The refusals to comment come despite NSM’s own claims on its website that openness around cyber attacks can improve security. “Sharing information about cyber attacks is extremely important, to be able to better prevent them,” NSM director Kjetil Nilsen is quoted as saying. He added that when “something happens,” the target of the attack should alert other operations and authorities and “share information as quickly as possible, to contribute to the best possible operative handling.”
In this case, Dagbladet and news bureau NTB reported they’re staying mum. Dagbladet wrote that the attack is so serious, however, that the government has been oriented. There also are fears that a “foreign power” has gained access to state secrets, and may now sit with information that could damage Norwegian interests.
Norway’s military intelligence service known as E-tjenesten was also reported to be directly involved in the investigation into which nation may be behind the cyber attack. It’s been stressed, though, that Norwegian authorities can’t be certain it is another nation or whether a criminal organization is involved.

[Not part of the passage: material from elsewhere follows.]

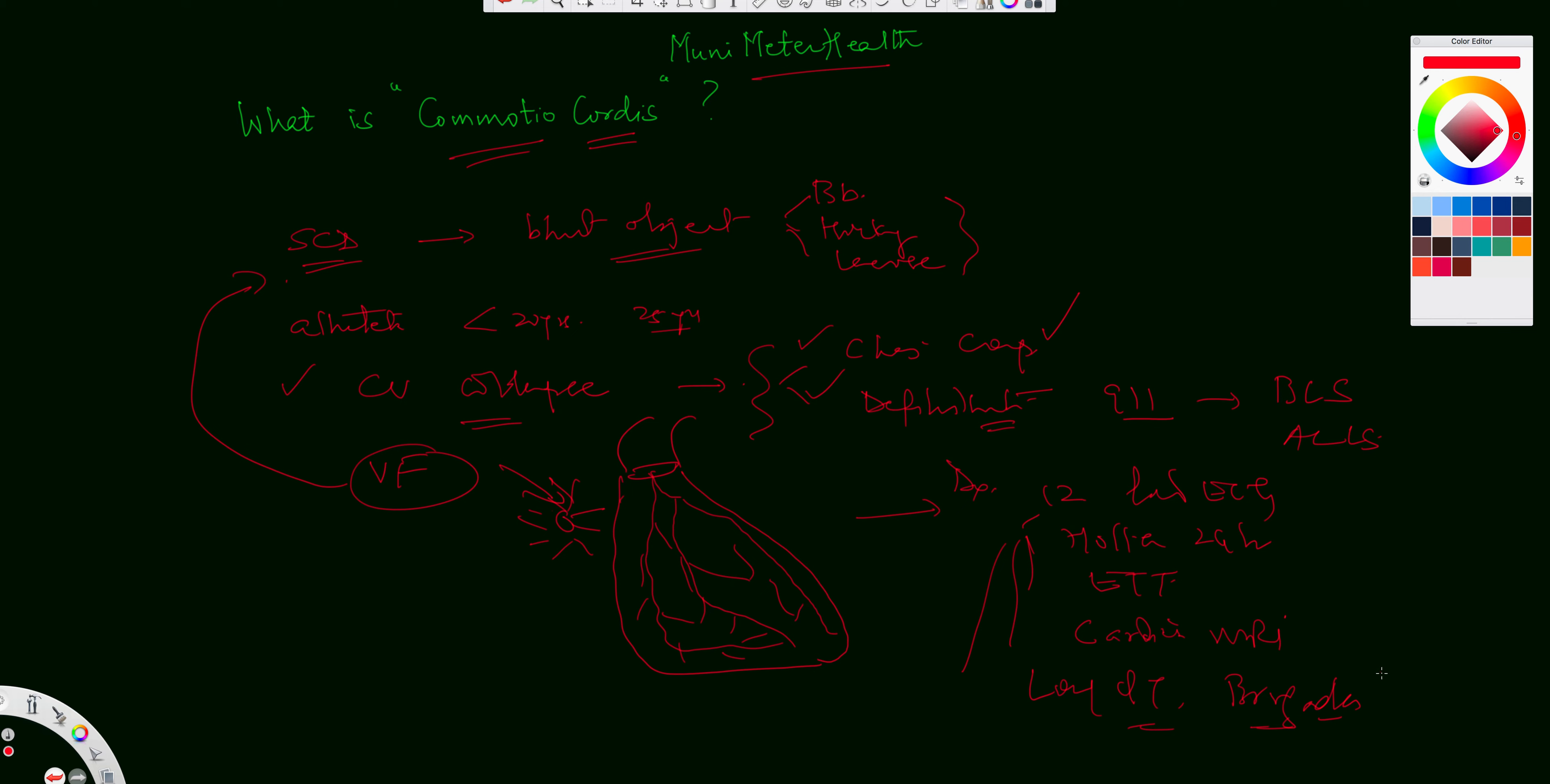So a provocative test with a pharmacological agent can be initiated to rule out long QT syndrome and a Brugada syndrome in these settings. So having understood what sudden cardiac death as a result of a blunt object striking the chest, mostly from a baseball,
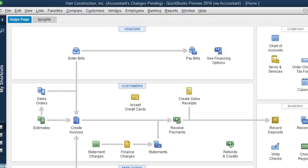You might have decided to go to a different accountant and need to resend or redo the accountant's copy. You'll know if you have accountant's changes pending because at the top of your QuickBooks file you'll see this message: 'Accountant's changes pending.'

“Along with other state and private players, UD is steadily facing more or less advanced attempts at computer intrusion,” Hilde Steinfeld of UD’s communications division told Dagbladet. She said she had no information, though, that ministry employees’ information had been compromised after a cyber attack. She claimed that all of UD’s network traffic is monitored constantly, but wouldn’t comment on Dagbladet’s information in detail or on what if any measures had been taken, for security reasons. PST’s communications chief Trond Hugubakken wouldn’t comment either.
Email ‘the way in’
Hans Christian Pretorius, director of operations at NSM, wouldn’t comment on any specific attacks but did say that NSM had seen a trend in trojan attacks on Norwegian authorities. “The attacks we have seen against several Norwegian targets, and Norwegian infrastructure, are becoming more and more complicated,” Pretorius told Dagbladet. “They have become more difficult to detect and more difficult to get rid of.”
Pretorius added that “in 100 percent of the attacks I have worked with during the past year, e-mail has been the way in” to targets’ systems. Most often, he said, the attacks begin when an unsuspecting recipient of email that appears genuine opens an attachment.
He said foreign nations are “primarily” behind the attacks. Norway’s military intelligence agency has earlier, in its Focus 2015 report, identified Russia and China as “the most active players behind network-based intelligence operations directed at Norway. Both nations have high competence and show a high degree of determination in their attempts to reach Norwegian targets.”